They have, to my mind at least, three classic pop singles. Overload was their debut single and would still cause a stir today if any new band released it; Hole In The Head was one of those "holy shit" moments coming after what I thought was a reasonably dull set of singles from their second album Angels With Dirty Faces; and Push The Button was one of those tunes that virutally EVERYONE liked. Yes, even those amongst you who laughed when I said before you'd even heard it that it was a classic.

Hold on though, I hear you say, but what about Freak Like Me and Round Round, to name but two? Well Freak is one of those songs that I just don't like (and the idea of mixing the two songs in it wasn't even their idea) and Round Round would fit comfortably in the "good but not neccessarily great" catergory along with the likes of Run For Cover, Stronger and Red Dress. I'm not saying those are bad songs, far from it, but they are a notch below the three classics I mentioned above.

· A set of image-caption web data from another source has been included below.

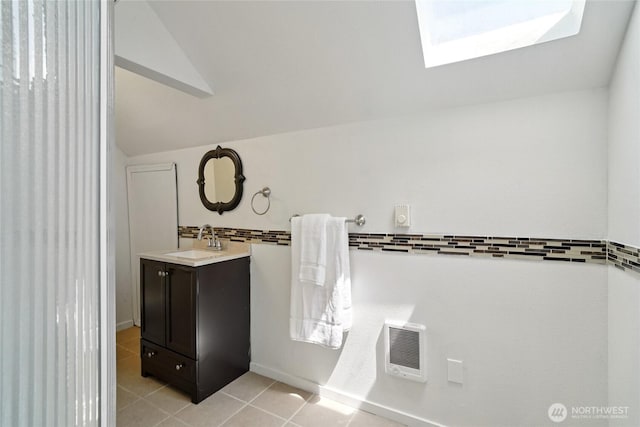6817 S D St, Tacoma, WA 98408 - bathroom featuring vanity, a skylight, lofted ceiling, tile patterned flooring, and heating unit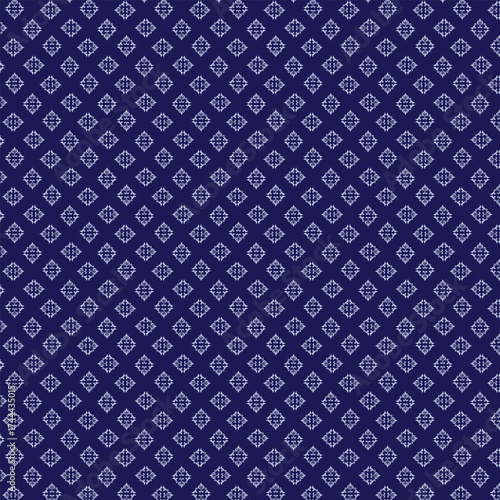 Elegant ornamental seamless pattern on dark blue background for textile design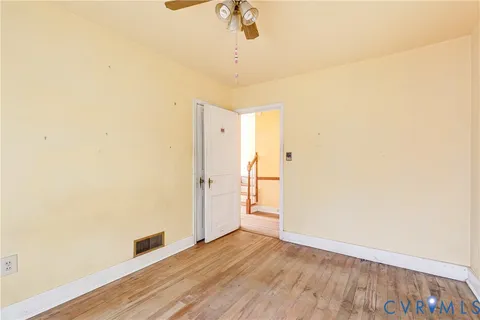 a view of a room with wooden floor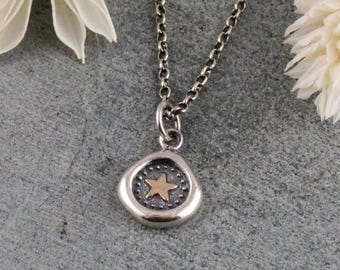Könnte beinhalten: Eine silberne Halskette mit einem kleinen, unregelmäßigen Anhänger mit einem goldenen Stern. Der Anhänger ist von kleinen Punkten umgeben. Die Halskette wird auf einer grauen Oberfläche mit weißen Trockenblumen präsentiert.
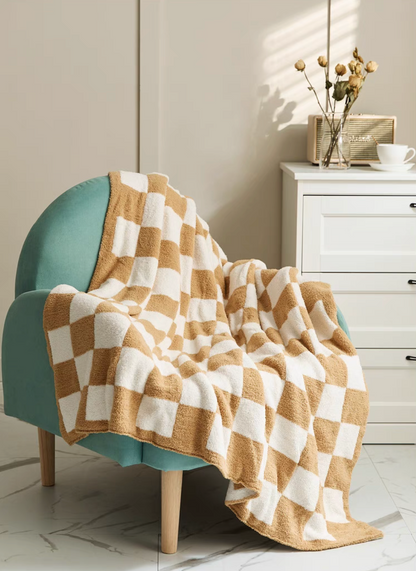 Light khaki checkered blanket draped across teal armchair showing natural folds and plush cozy surface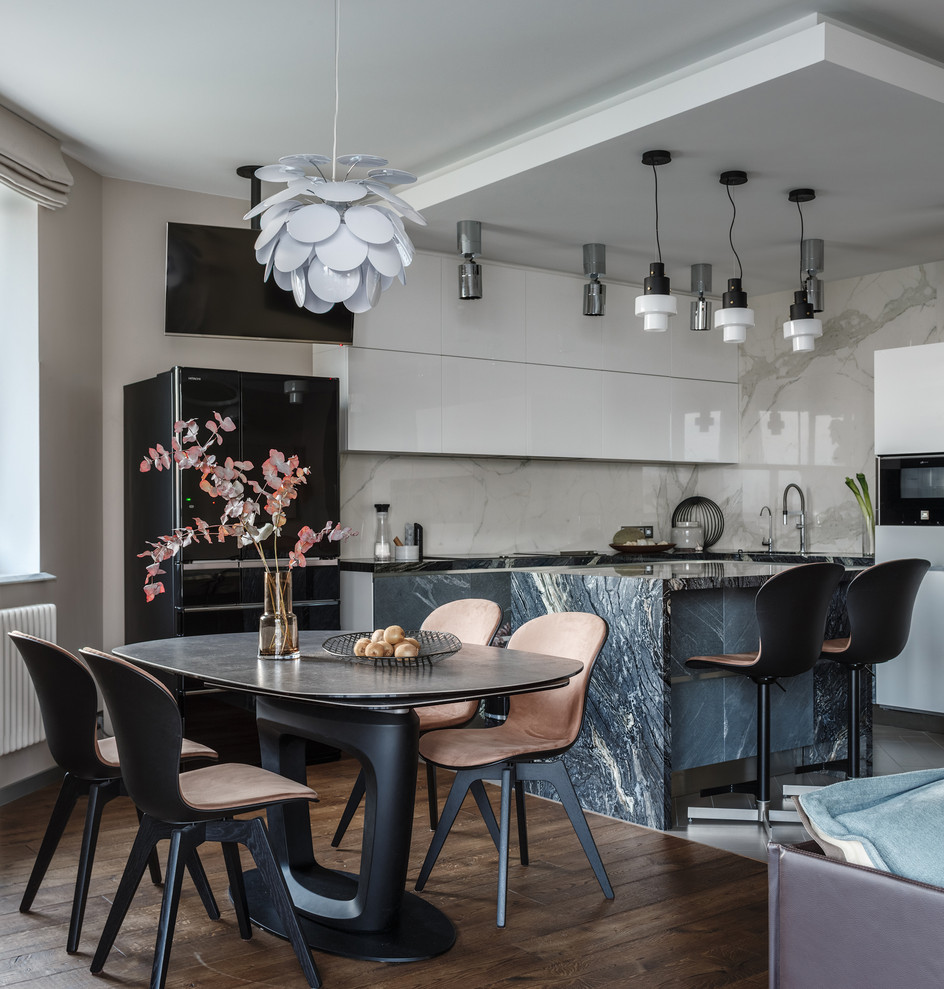 This is an example of a contemporary open plan dining in Moscow with dark hardwood floors, brown floor, beige walls and no fireplace.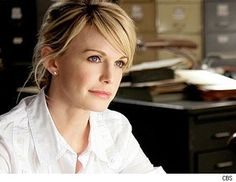 a woman sitting at a desk in an office looking off to the side with blue eyes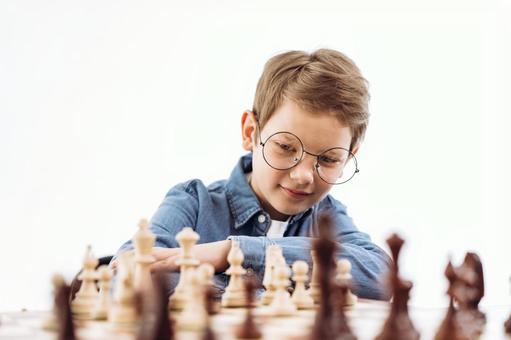 チェスを見ている楽しそうな男の子(白背景) チェスを見ている楽しそうな男の子(白背景) チェス,子ども,男の子の写真素材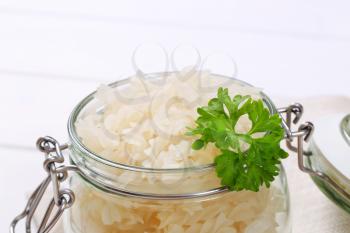jar of cooked rice pasta fusilli - close up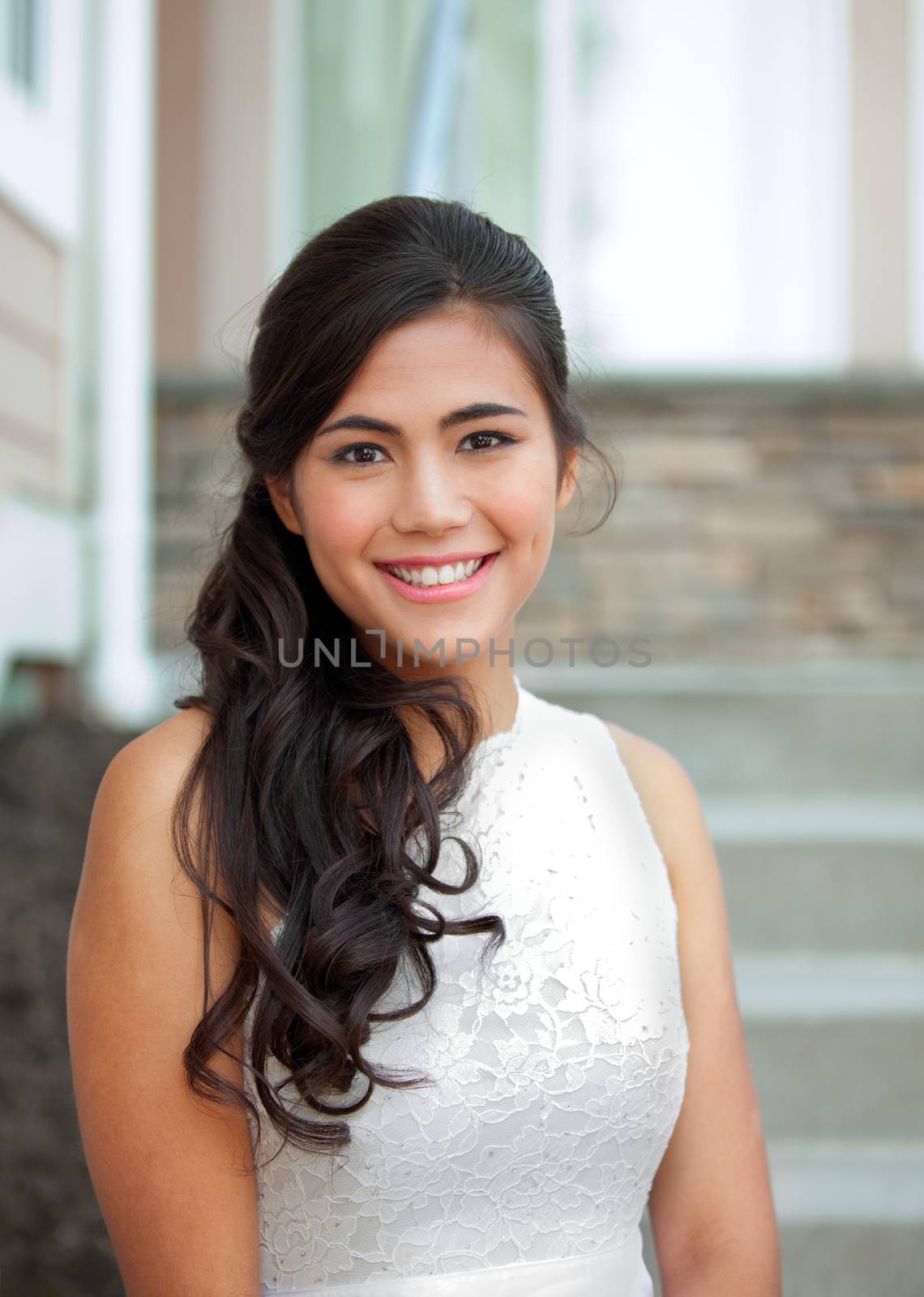 Beautiful biracial bride in white lace wedding dress, smiling outdoors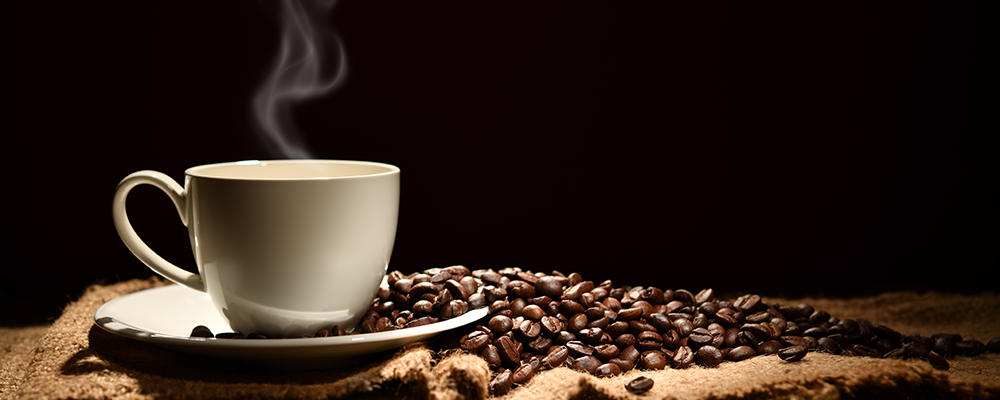 Dampfender Kaffee in weißer Tasse neben Kaffeebohnen auf Jutesack
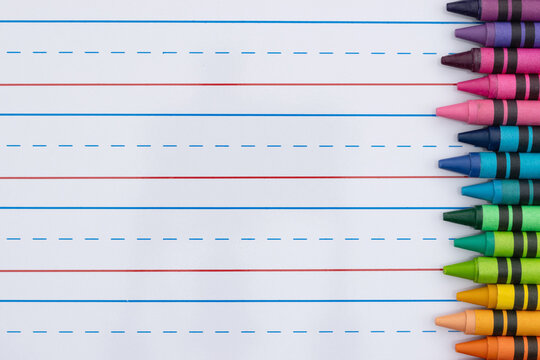 Crayons with ruled loose leaf notebook paper background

The new tracks are probably in this group as well, even though both are written by the guys from Orson. Current single Easy is a bit dull, but kicks into life around the two minute mark which just about makes up for the first part. Better is the next single, Good To Be Gone, which had a kind of Depeche Mode feel to it in some respects. Whether or not it signifies the girls new direction as some have claimed is open to question (surely they'll have moved on to more new writers for the next album) but it's catchy.

As for the rest, well you know me and my pop ballads. Shape is as dull as you'd expect a Sting cover to be and Caught In A Moment and Too Lost In You are tailor-made Middle Of The Road FM movie tunes with only interest in the bottom line of how much money you can make by selling them off for use on Soundtracks.

Of course I can tell you will be itching for the obvious comparison with the recently reviewed Girls Aloud greatest hits compilation, and I'm not one to disappoint, even if you might be surprised by what I say.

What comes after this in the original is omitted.